Though it subscribes to the the-more-violent-the-more-real ethos that drove “Saving Private Ryan” — and bandying about those three words no doubt scored it its $80 million budget — there’s no overarching plot, no real mission. As Collier says at one point, the mission is to go from town to town, ridding them of the baddies — an impossible-sounding feat, at least for one tank crew, that gives the film existential dread. It’s a series of episodes with no end in sight, though it slips in the tired cliche of the fresh fish transformed, or in this case corrupted. Needing a replacement second gunner, Collier’s team gets “Cobb,” a stammering scaredy cat played by today’s go-to stammering scaredy cat, Logan Lerman. Though he’s wide-eyed and petrified at first, it doesn’t take long for him to toughen up. When Collier forces him to gun down an unarmed German POW, his chickening out is so strong that he insists he’d rather die himself — that’s how messed-up the world of “Fury” is.

Shia LeBeouf (with Logan Lerman) doesn't have a lot to do in Shia LaBeouf (with Logan Lerman) doesn’t have a lot to do in “Fury,” but he fits right in. Perhaps he shouldn’t have fake-retired?
Credit: Giles Keyte

This scene is played as a form of hazing, complete with American soldiers egging him on and flinging homophobic epithets. Ayer loves to explore this world, but his films prior to “Fury” have all monotonous affairs driving home a single point. Turns out the characters were just misdirected. In war they have focus, but they also have depth. Ayer has always been an obvious Sam Peckinpah fan (he was even at one point working on a remake of “The Wild Bunch”). But with “Fury” he finally gets the mix of braun and quiet anguish. There aren’t many moments of emotion, except the ones between the five bros in a tank. (Gordo is introduced holding someone’s hand, which turns out to belong to the killed second gunner. The body had probably been there for awhile.) But the vision finally feels filled-in, the Peckinpah inspiration no longer an affectation.

Yes, “Fury” is another reminder that war is hell. But it’s one of the few reminders that war is addictive. Nearly every war film is ultimately comforting: Anti-war films tell us it’s inhumane; genre war films — the ones dads used to watch, even if (or especially if) they experienced the real thing — tell us that it’s heroic, even enjoyable. “Fury” has nothing good to say. Francois Truffaut, in a line deployed so often it’s become hackish to even mention it, said the problem with war movies is that they made war look like fun. For “Fury,” its best quality is that it does make it look…well, not fun, but exhilarating.

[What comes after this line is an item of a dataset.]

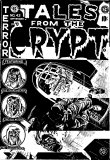 Tales_From_The_Crypt_043_Page_002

It’s not exhilarating for the audience, but for the characters. For the audience it’s deeply unpleasant: The gore is extreme horror movie-level gruesome — stronger than anything in “Inglourious Basterds,” and that had scalping — and the colors are shades of gray, black and crimson. It’s never fun to watch. (Though it is nice on the eyes, which is to say it doesn’t feature the unparsable handheld of “Sabotage” or the switch to bodycams in “End of Watch.”) But it understands why its characters get worked up in the midst of battle, why they gleefully shout names at the people they’re mowing down, why they high-five while committing unspeakable acts, why they cackle at taking out complete strangers who are perhaps fighting for the same superficial reason. Like “The Hurt Locker,” but in an even less explicit way, it says that to be good at war — or to even just to be in the midst of it — one has to imagine doing nothing else. It could be read as anti-war or even pro-war, and that’s what makes it unusually useful. It’s honest to the point of being uncomfortable.